I never gave much thought to engagement rings until Anna Rose and Matt got engaged. It was the first time I looked at someone’s ring and thought, Oh my God that is gorgeous and I would totally wear that every day for the rest of my life.
It was a black diamond. Emerald cut with no frills. A thin, gold, pave band. Totally stunning.
Stephen and I are having conversations about getting married. About spending the rest of our lives together. At first, he wants to pick out the ring; for it to be a surprise. But he still wants to know what I like.
Unfortunately, I really don’t know what I like. I have never given it much thought because I always thought it would be weird to look at engagement rings until I knew I should be looking at them. Superstitious, I guess. (For those of you who don’t see a proposal in your near or distant future, I highly recommend looking at rings you like. When you have no clue what you want for a ring, a wedding dress, or a wedding location, all of these things feel very overwhelming when they happen. If you’ve never thought about them before, it only adds to the stress of it – not the joy of it – and this should be fun!). All I know is, I love ARs ring, I don’t want a diamond, and I want a thin, yellow gold band.
So, I head to Pinterest. I quickly realize that I know nothing about rings. There’s so much terminology that I’ve never heard of.

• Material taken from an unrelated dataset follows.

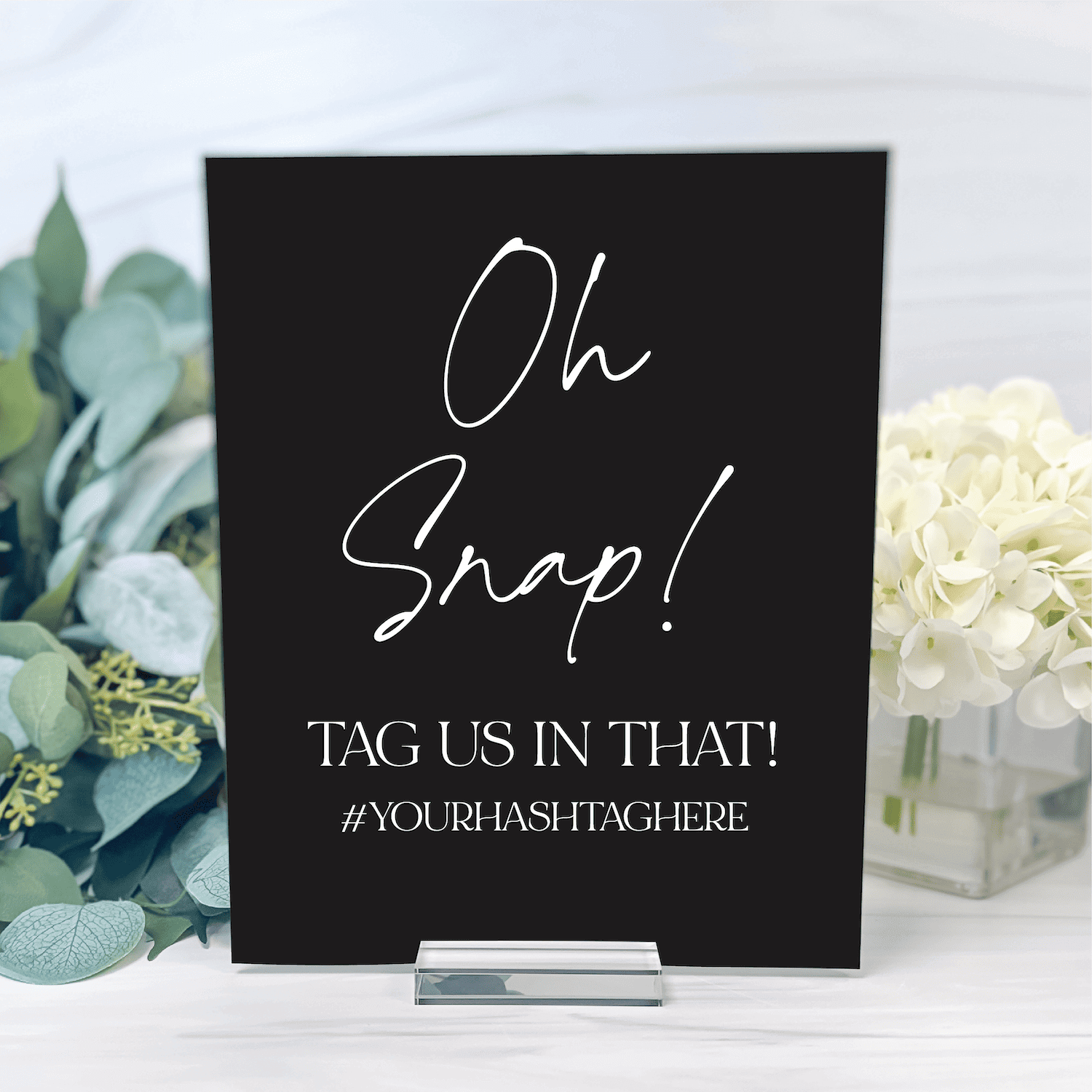 Black acrylic sign with white handwritten "Oh Snap!" text and hashtag placeholder for wedding photo display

First there’s the cut, which is the shape of the stone: round, princess, emerald, oval, cushion, pear, heart, etc. The setting: prong, channel, pave, bezel. Metal choices: platinum, white gold, yellow gold, rose gold. Some have a halo, which is a frame of diamonds that encases the top view face of the stone.
Finally, there’s the actual stone. I show Stephen my Pinterest board and now he’s doing his own research until he finally says that maybe we should do this together. Sounds good to me! I completely trust Stephen but I’m going to be wearing this ring for the rest of my life, and by the looks of it, it’s not something that we can just find in a store.

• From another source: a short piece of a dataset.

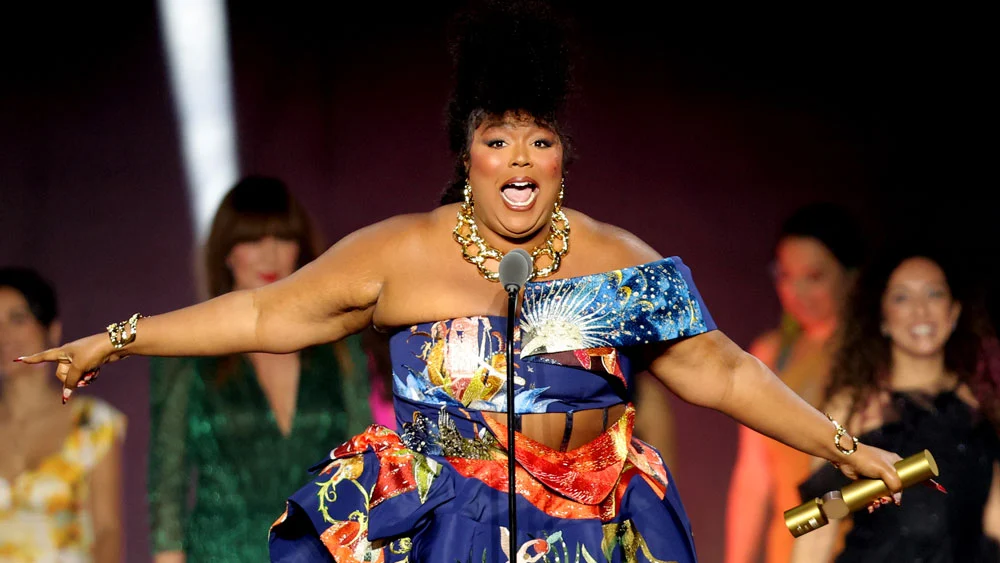 Photo of the performer Lizzo looking beautiful in an evening gown with her arms spread wide as she speaks into a microphone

But let’s go to some jewelry stores and see. We go to Jared’s and Tiffany’s. I pretty much hate everything. They have the opposite of what I want. I can’t stand how everything looks the same. I can’t stand the stuffy vibe of these places.
My friend Lindsay sends us to Donald Hackk Diamonds in Charlotte. She swears by him – he’s made a lot of jewelry for her, so we make an appointment to meet with Justin.

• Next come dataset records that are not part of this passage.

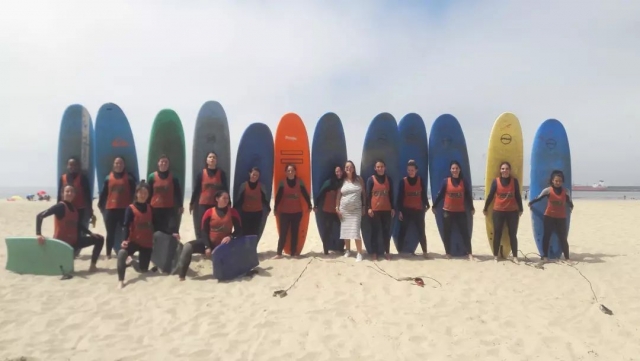 Um grupo de surfistas posando com suas respectivas pranchas 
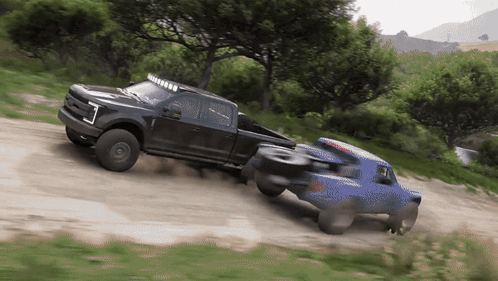 A Black Truck Pulls A Blue Truck On A Dirt Road GIF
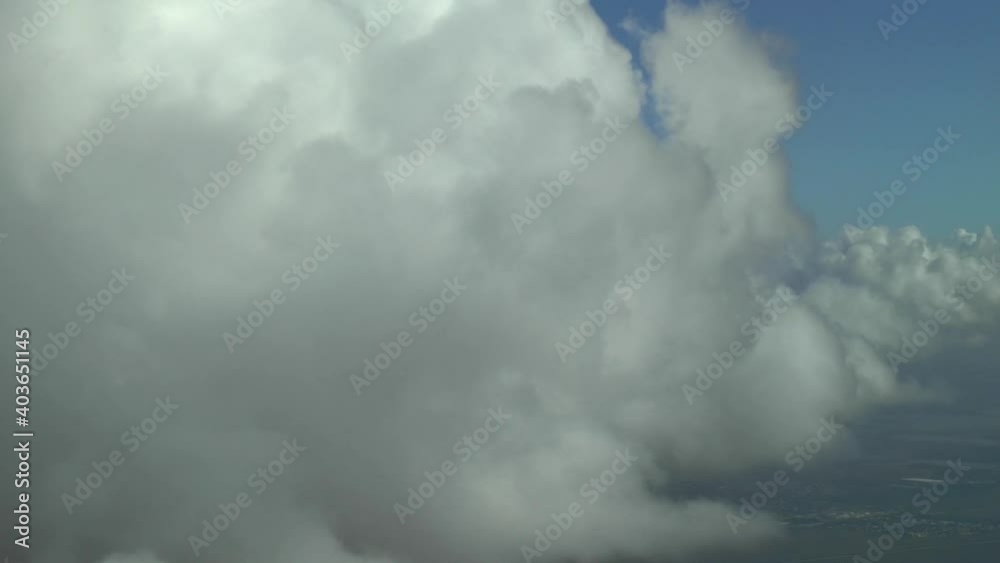 Flying into the clouds. Actual airplane high altitude footage. Cockpit view. Flying into the clouds. Actual airplane high altitude footage. Cockpit view.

When picking a stone, I narrow it down to something green or yellow. Green is my favorite color and I just really like the look of a yellow stone. Emeralds, I learn, are a terrible idea because they are very soft stones. For some women, this might not be a problem, but for me, who hits my hands on shit all day – literally, for no reason either, I just seem to be careless with my body and sometimes find bruises from walking into random things – I should not consider an emerald.
I learn that in terms of hardness, the top three go in this order: 1) diamond 2) ruby 3) sapphire. I also learn that sapphires are not only blue, as I thought they were. You can get sapphires in yellow, green, pink, orange, purple.
Since I don’t want a diamond and I don’t want a ruby, it seems like a yellow or green sapphire is the way to go. As we go down this path, I realize more and more that I definitely want a green ring on my finger.
I do like the look of a bezel setting – it basically encases the stone in a metal ring. My other friend Lyndsey, who works at Tiffany’s, tells me that this is a terrible idea. A bezel setting doesn’t allow the light to come through (or something like that). If I’m not going to get a diamond, then I should get a halo, because a halo will allow light to come through the stone and make it look shinier and bigger and blah blah blah. I hate the look of a halo. But I see her point about the bezel setting.
I try to tell Justin what I want. He’s very good at explaining everything and making me feel like we will find exactly what I’m looking for. It might take some time – but he will find it. I think he also might worry that the size of the stone that I want will be too heavy on my finger, but I am undeterred.
He calls us in one day, a couple weeks later, to show us a stone that he’s found. I really like it. I like it a lot. Stephen loves it. But it’s not the one. It’s slightly smaller than I was hoping and slightly on the more yellowish side of green. I want something greener and bigger. I don’t even wear rings. Like, ever. But now for some reason I’m dead set on finding this stone.
A couple weeks after that, Justin calls us in again. He shows me the stone and I gasp. Oh my God. It’s so pretty. I love the color and I love the size. This is the one. It feels good to know for sure and be supremely all in.
When Stephen proposes a couple months later and puts the ring on my finger, it’s my first time seeing the whole thing as an actual ring, not just the stone. A 10mm green sapphire cushion cut with a prong setting and a yellow gold band. I can’t stop looking at it on my finger. I love it so much. It’s weird to wear something of this size on my finger, but that doesn’t change my feelings about it. Every time Stephen asks me, “Is it too big? Do you still love it?,” I tell him, It’s perfect and I’m obsessed with it – because I am. I don’t wear a lot of jewelry, and now it’s even easier to not have to think about it because I know that if anything, I at least have this beautiful ring on my finger, and every single time I look at it, I think about our love and our life together.